In recent days, there has even been some amount of critique of Israel’s lack of respect for international law from Western leaders like France’s president Macron, who says there’s “no reason” for bombing and killing “babies”, “ladies”, and “old people” in Gaza. Belgium’s prime minister, De Croo, speaks to a “disproportionate” use of force by Israel. That’s a new – and welcome – line of comments from leaders in the West. In the best event, statements like these could suggest that with enough internal and external pressure on key players in the RBO, it is possible to change the course of events – or at least limit the damage done to the people in Gaza.

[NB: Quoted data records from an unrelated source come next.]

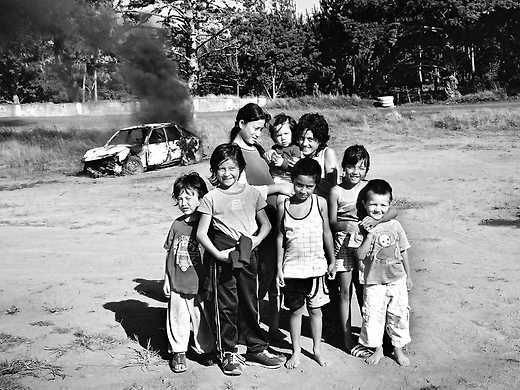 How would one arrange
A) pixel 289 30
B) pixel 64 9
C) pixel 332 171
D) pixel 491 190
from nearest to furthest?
pixel 332 171
pixel 491 190
pixel 64 9
pixel 289 30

For now, however, Israeli military action goes ahead apparently unconstrained, as evidenced by the recent attack on the Al-Shifa hospital. Despite the absence of proof in the public domain so far that the hospital is being used by Hamas for military purposes, the US effectively gave the ‘green light’ for this to happen. If such proof does not emerge – and patients and medical staff suffer on a massive scale as a consequence of this military operation, as they almost certainly will – this could be the moment we see a radical change in public support for Western approaches to Israel’s actions, which is already declining.

Some might suggest that what we have been witnessing is simply a temporary identity crisis for the Western-led global order, resulting from an atrocious attack on civilians by Hamas and an Israeli right-wing government’s response to it, coupled with standard US responses. Depending on how much Western players constrain Israel in the weeks ahead, it could well amount to something more, perhaps even a self-imposed existential crisis for that Western-led global order. A crisis to which there may be no obvious overcoming.

The credibility of the West, as a self-proclaimed guarantee of a global order based on fundamental principles of peace, security, and fairness was already damaged following the wars in Afghanistan and Iraq and other post-9/11 operations. Could the damage being done this time round be unrepairable? The answer will for a large part depend on the extent to which the West wants – and manages – to constrain Israel’s military action in the days and weeks ahead and accept that international humanitarian law offers the playbook for conduct in hostilities. If that does not happen, the question decisionmakers will have to ask themselves is how could the legitimacy of the global order they embrace be regained after a time where any reasonable person can see the hypocrisy and double standards with which governments are acting?

Meanwhile, the rest of us can keep searching for an answer to the question what an alternative global order could look like and could be enforced. The starting point for that search must be an order that is more receptive to international law, basic principles of humanity, and equal application of accountability principles to all – where basic humanitarian values are respected, even in the midst of armed conflict.